- Kiedy Beatka przyszła do naszego domu, była zamknięta
w sobie, nieśmiała, główkę miała ciągle spuszczoną - wspomina s.
Eustochia, dyrektorka Specjalistycznego Ośrodka Wychowawczego Zgromadzenia
Sióstr św. Józefa w Częstochowie. - Teraz rozwinęła się jak kwiat.
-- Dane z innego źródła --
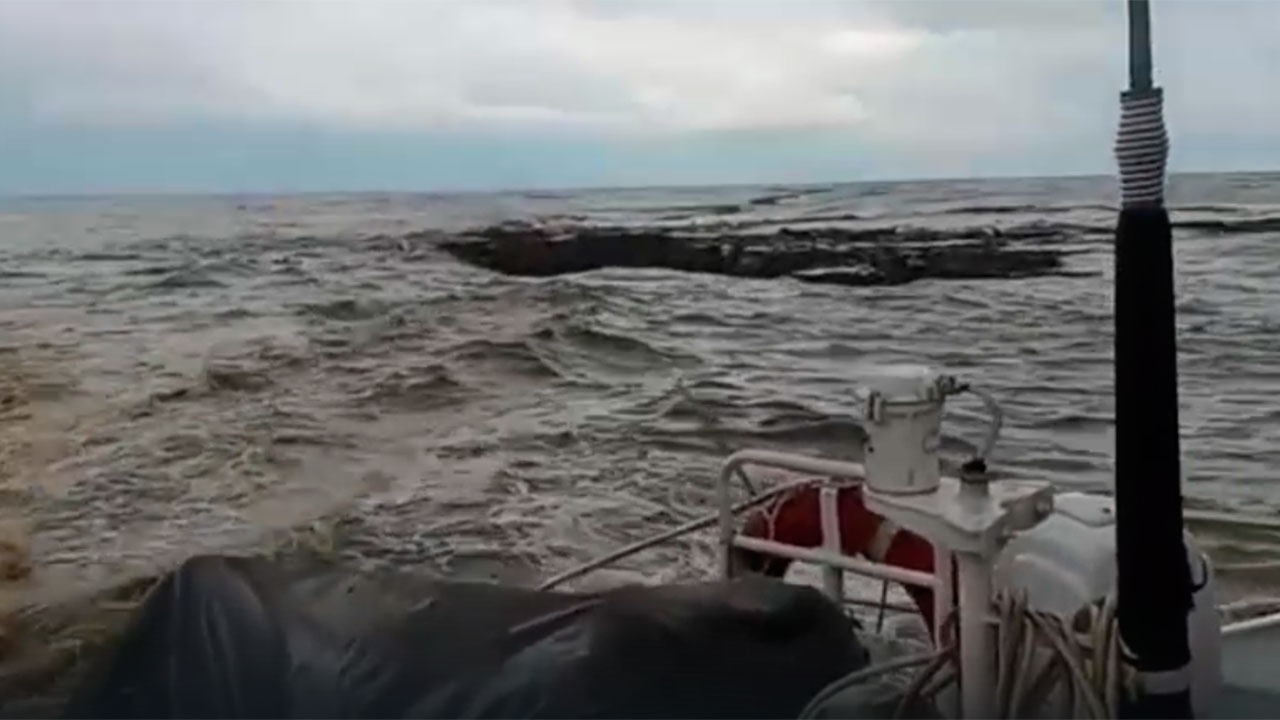 В сочи нашли в море. Поисково спасательные операции на море. Мина в черном море Сочи. Машины унесло в море.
Proszę spojrzeć na zdjęcia. Beatka deklamuje wierszyk, śpiewa, wesoło
się bawi.
Siostry józefitki w swoim Ośrodku przy ul. bp. Teodora Kubiny
opiekują się dziewczynkami, które potrzebują szczególnej terapii
i muszą uczęszczać do szkoły specjalnej. Pochodzą z różnych, często
odległych miejscowości. Na początku pobytu wiele z nich ma kłopoty
z czytaniem i pisaniem, z nawiązywaniem kontaktów. - Te trudności
spowodowane są faktem, że w szkołach masowych, do których uczęszczały
wcześniej, nie ma czasu na pracę z nimi - tłumaczy pracująca w Ośrodku
Maria Słabosz, psycholog. - Pozostają w cieniu rówieśników, zdolniejszych
i bardziej przebojowych. My staramy się wydobyć z każdej to, w czym
jest najlepsza; jedna pięknie śpiewa, druga wspaniale opiekuje się
młodszymi koleżankami. Wiele się dziś mówi o integracji, ale nasze
doświadczenie podpowiada, że takim dzieciom, jak nasze, trzeba zapewnić
specjalne warunki, by w pełni rozwinęły swoje możliwości.
Pod opieką specjalistów
Reklama
Szczególne warunki, które zapewniają Siostry, to także systematyczna
opieka specjalistów. W Ośrodku pracują, oprócz psychologa, pediatra,
psychiatra, logopeda, przez całą dobę obecna jest siostra pielęgniarka.
Tylko dzięki temu można wcześnie rozpoznać i wyeliminować wady somatyczne.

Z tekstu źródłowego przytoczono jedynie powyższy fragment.